I am stuck on the first one but there are 5 questions on this so I really need help with the process. If anyone can help with any of the following.
i) Find a Basis for the field K = $\mathbb{Q}(\alpha)$ as a vector space over $\mathbb{Q}$ where $\alpha$ is the root of the polynomial 3x + 1.
ii) K = $\mathbb{Q}(\alpha)$ where $\alpha$ is the root of the polynomial $x^3$ + 1
iii) K = $\mathbb{Q}(\alpha)$ where $\alpha$ is the root of the polynomial $x^3$ - 1
iv) K = $\mathbb{Q}(\alpha)$ where $\alpha$ is the root of the polynomial $x^4$ + 1
v) K = $\mathbb{Q}(A)$ where A is the set of all roots over $\mathbb{C}$ of the polynomial $x^3$ - 2.
Please help! I have read the proof for the Tower law over and over. I know I need to make sure the polynomial is irreducible first.
$\newcommand{\QQ}{\mathbb{Q}}$
i) $\alpha$ is a root of the polynomial $3x+1$. This polynomial only has one root, namely... $-1/3$. Hence $\QQ(\alpha) = \QQ$, and a basis is just $\{1\}$.
ii) $\alpha$ is a root of $x^3+1$. This polynomial is irreducible over $\QQ$, so adjoining a root of it, namely $\alpha$, will produce a degree 3 extension of $\QQ$. Hence, $\QQ(\alpha)$ has dimension 3 over $\QQ$. Here's a basis $1,\alpha,\alpha^2$. You can see they're linearly independent by noting that $\QQ(\alpha)$ is just $\QQ[x]/(x^3+1)$, and clearly $1,x,x^2$ are linearly independent in that space. Since $\QQ(\alpha)$ has dimension 3 over $\QQ$, $\{1,\alpha,\alpha^2\}$ must be a basis.

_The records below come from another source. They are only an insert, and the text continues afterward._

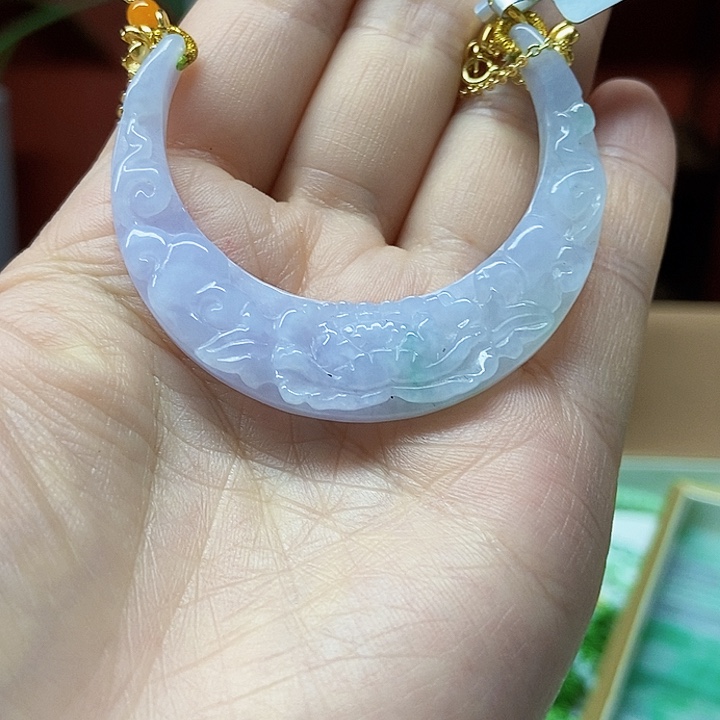 翡翠未镶嵌颈饰吊坠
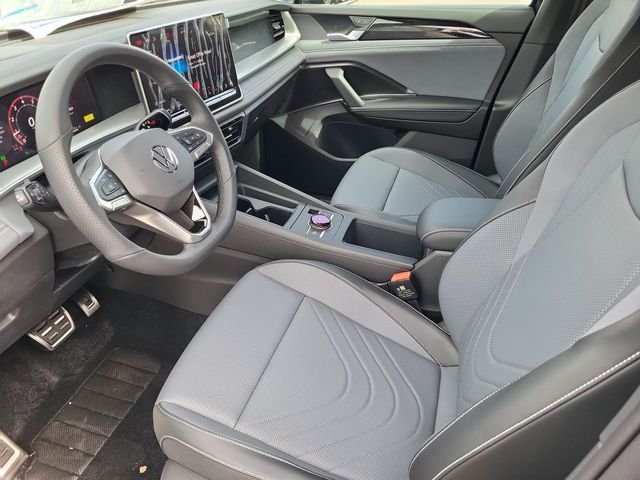New 2026  Volkswagen 2.0T SE R-Line Black image 11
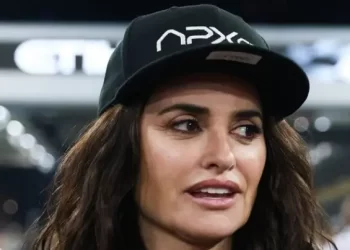 Penelope Cruz je totalno chic: Nevjerovatno, ali ove traperice izgledaju tako dobro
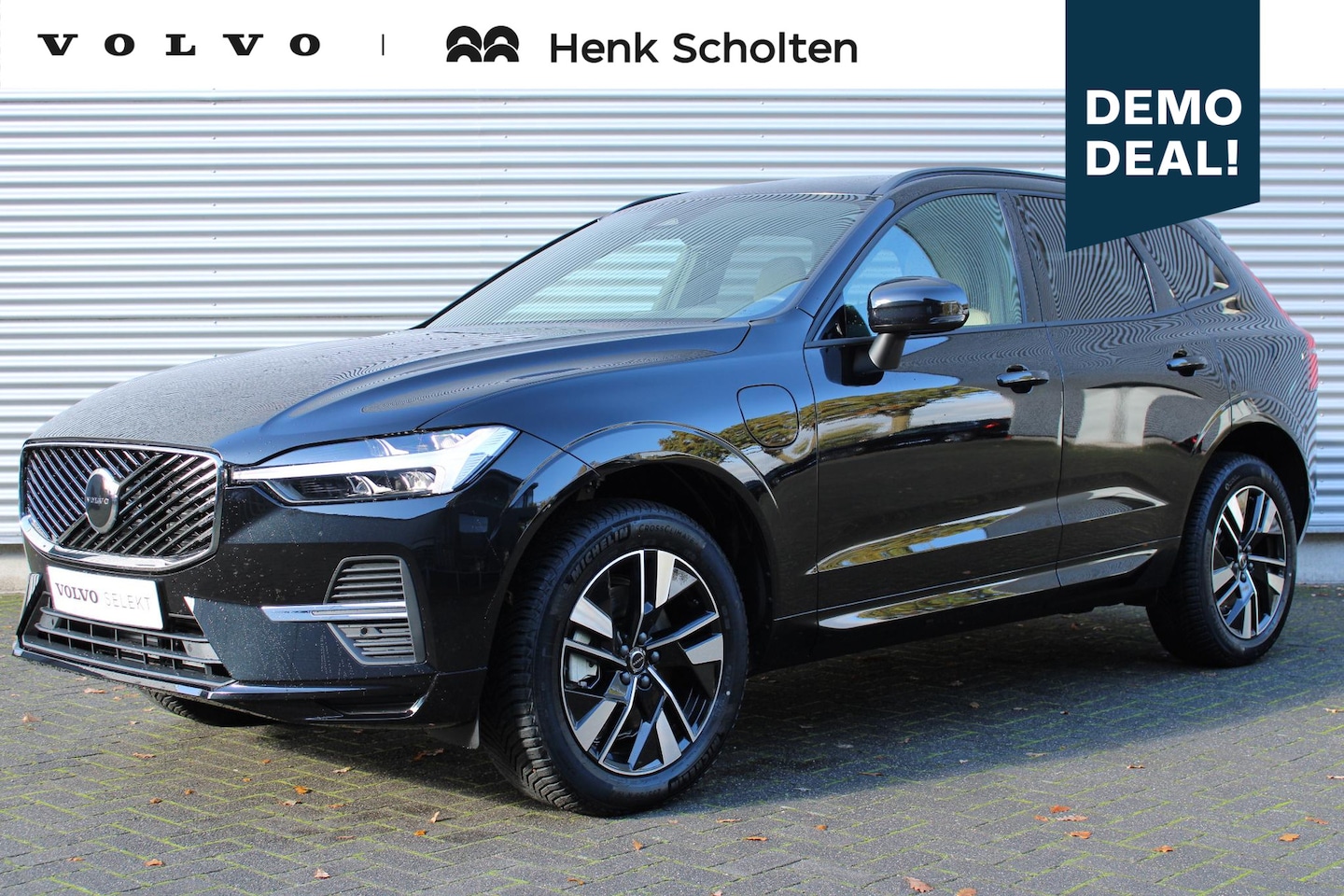 Volvo XC60 - 2.0 T6 Plug-in hybrid AWD Essential | Lichtmetalen Velgen 18 inch | City Weave Textiel Bek - AutoWereld.nl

iii) Since $x^3-1$ is not irreducible over $\QQ$, you have to be more careful. $x^3-1$ factors as $(x-1)(x^2+x+1)$. If $\alpha = 1$, then $\QQ(\alpha) = \QQ$, and $\{1\}$ is a basis. If $\alpha$ is a root of $(x^2+x+1)$, then $\QQ(\alpha)$ has degree 2 over $\QQ$ (since $x^2+x+1$ is irreducible over $\QQ$), and again you can see that $\{1,\alpha\}$ is a basis.
iv) same as ii.
v) Now you're adjoining all the roots of $x^3-2$. If you adjoined just one root, since $x^3-2$ is irred over $\QQ$, you'd get a degree 3 extension. However, there are two other roots. Say you adjoin $\sqrt[3]{2}$. The other roots of $x^3-2$ are $\omega\sqrt[3]{2}, \omega^2\sqrt[3]{2}$, where $\omega$ is a primitive 3rd root of 1. It's clear that adjoining $\sqrt[3]{2}$ does not get you the other two roots. On the other hand, if you have both $\sqrt[3]{2}$ and $\omega\sqrt[3]{2}$ in a field, then their quotient $\omega$ is in the field, and hence $\omega^2\sqrt[3]{2}$ is in your field. Conversely, if you have both $\omega$ and $\sqrt[3]{2}$, then you have all 3 roots of the polynomial $x^3-2$ as well. Hence, adjoining all the roots is the same as adjoining just $\sqrt[3]{2}$ and $\omega$. It's clear that $\sqrt[3]{2}$ has degree 3 over $\QQ$. Furthermore, $\omega$ is a root of $x^2+x+1$. You know $\omega\notin\QQ(\sqrt[3]{2})$, hence $x^2+x+1$ must be irreducible over $\QQ(\sqrt[3]{2})$, and $\QQ(\sqrt[3]{2},\omega)$ must have degree 2 over $\QQ(\sqrt[3]{2})$. This shows that $[\QQ(\sqrt[3]{2},\omega):\QQ] = [\QQ(\sqrt[3]{2},\omega):\QQ(\sqrt[3]{2}][\QQ(\sqrt[3]{2}):\QQ] = 2*3 = 6$. Finding a basis in this situation is a bit more tricky. One way is to prove that $\{1,\omega,\sqrt[3]{2},\omega\sqrt[3]{2},\sqrt[3]{4},\omega\sqrt[3]{4}\}$ is linearly independent, hence a basis. Another way is to show that $\QQ(A) = \QQ(\beta)$ for some single element $\beta$, in which case a basis will just be $\{1,\beta,\beta^2\,\ldots,\beta^5\}$. I'll leave this to you :-)